## Data listing
+---+
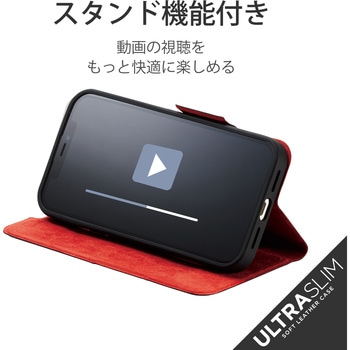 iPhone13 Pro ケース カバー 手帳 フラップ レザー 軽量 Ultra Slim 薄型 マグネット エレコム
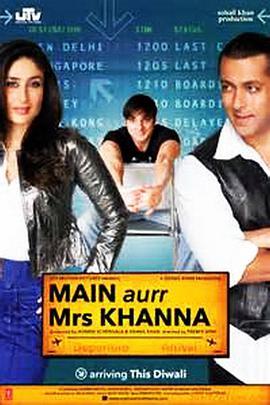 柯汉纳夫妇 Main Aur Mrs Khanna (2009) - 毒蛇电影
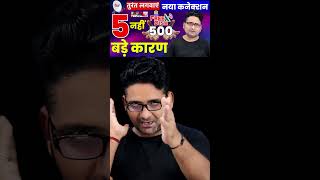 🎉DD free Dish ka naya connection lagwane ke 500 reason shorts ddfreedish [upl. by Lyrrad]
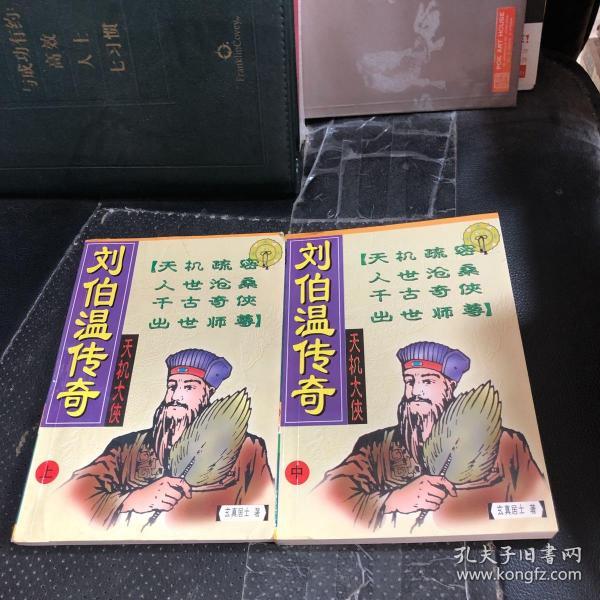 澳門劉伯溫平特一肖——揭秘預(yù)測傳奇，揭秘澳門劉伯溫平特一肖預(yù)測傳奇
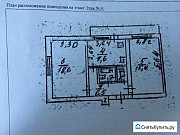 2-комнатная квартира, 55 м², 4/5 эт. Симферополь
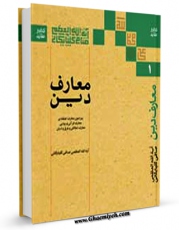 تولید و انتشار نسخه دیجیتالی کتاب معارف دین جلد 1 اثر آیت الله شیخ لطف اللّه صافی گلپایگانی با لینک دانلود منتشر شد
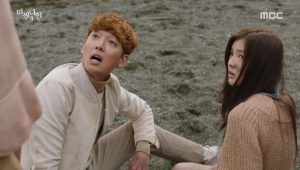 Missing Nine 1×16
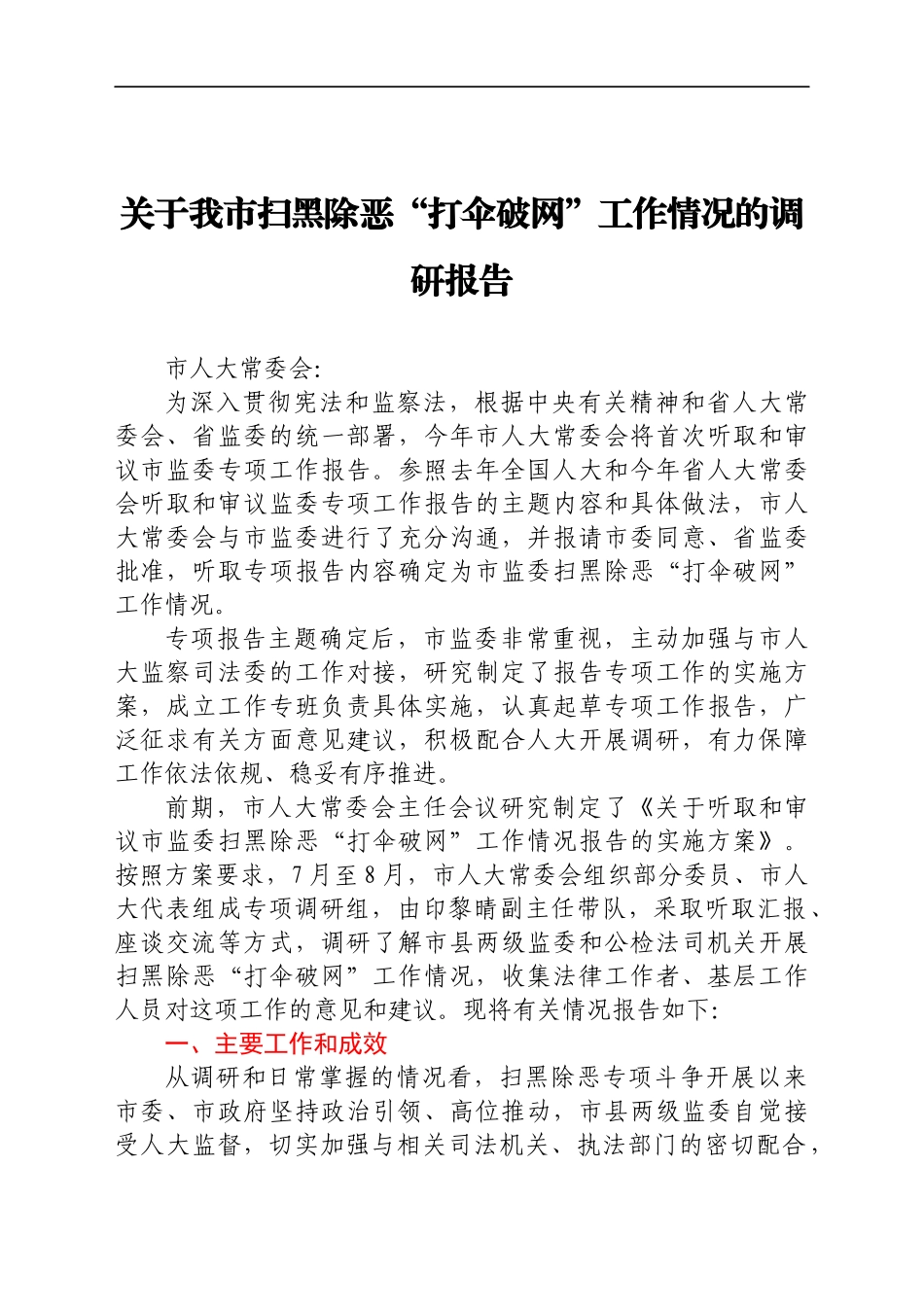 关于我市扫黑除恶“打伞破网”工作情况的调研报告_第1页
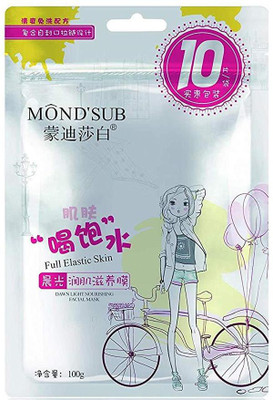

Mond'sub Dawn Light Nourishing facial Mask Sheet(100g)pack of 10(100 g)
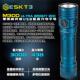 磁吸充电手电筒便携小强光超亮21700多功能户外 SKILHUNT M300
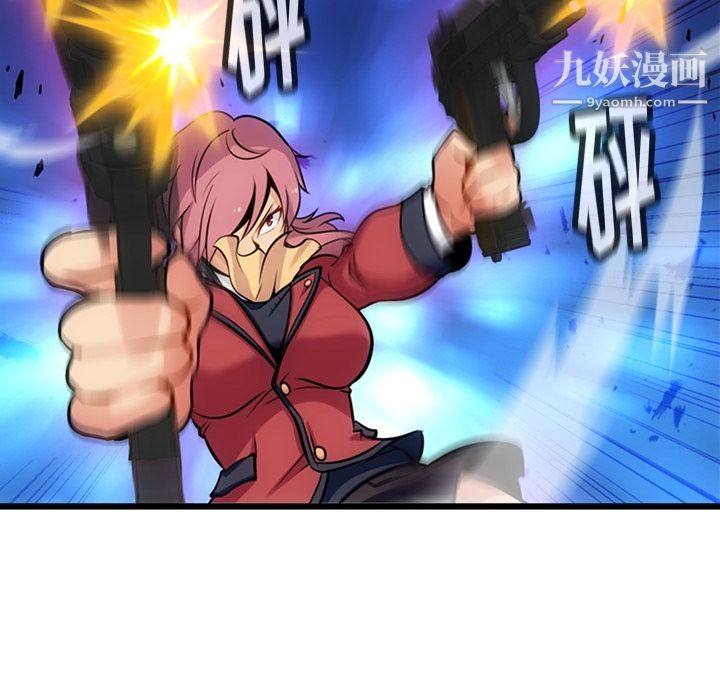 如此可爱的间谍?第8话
+---+
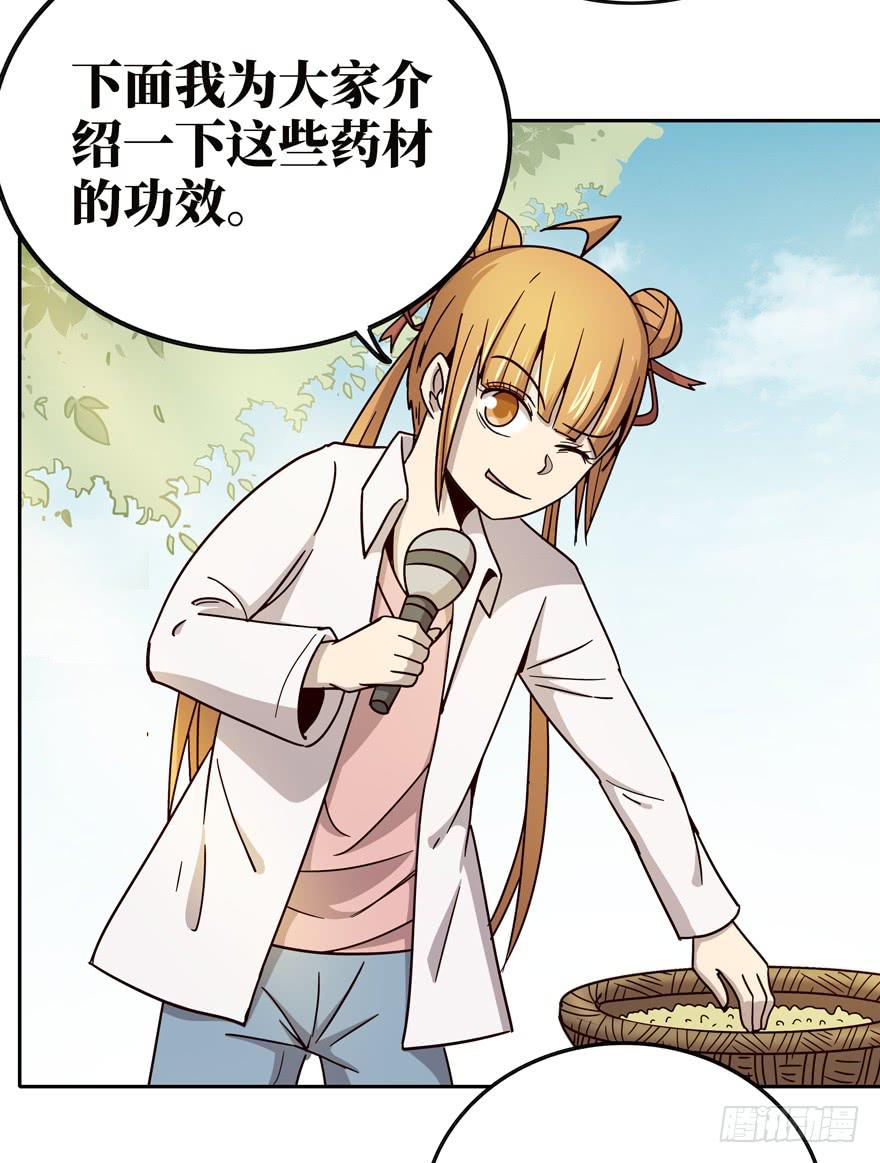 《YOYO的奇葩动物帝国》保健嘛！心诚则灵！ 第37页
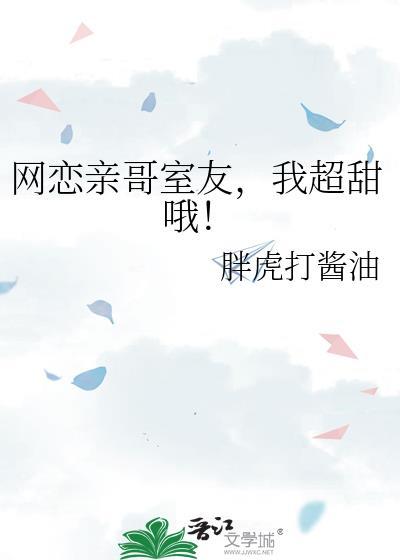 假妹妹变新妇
+---+
## Task requirements
In the material above, which lines fall between the one holding "Missing Nine 1×16" and the one holding "如此可爱的间谍?第8话", inclusive? Print exactly those, with the pictures left out.

## Answer section
 Missing Nine 1×16
 关于我市扫黑除恶“打伞破网”工作情况的调研报告_第1页

Mond'sub Dawn Light Nourishing facial Mask Sheet(100g)pack of 10(100 g)
 磁吸充电手电筒便携小强光超亮21700多功能户外 SKILHUNT M300
 如此可爱的间谍?第8话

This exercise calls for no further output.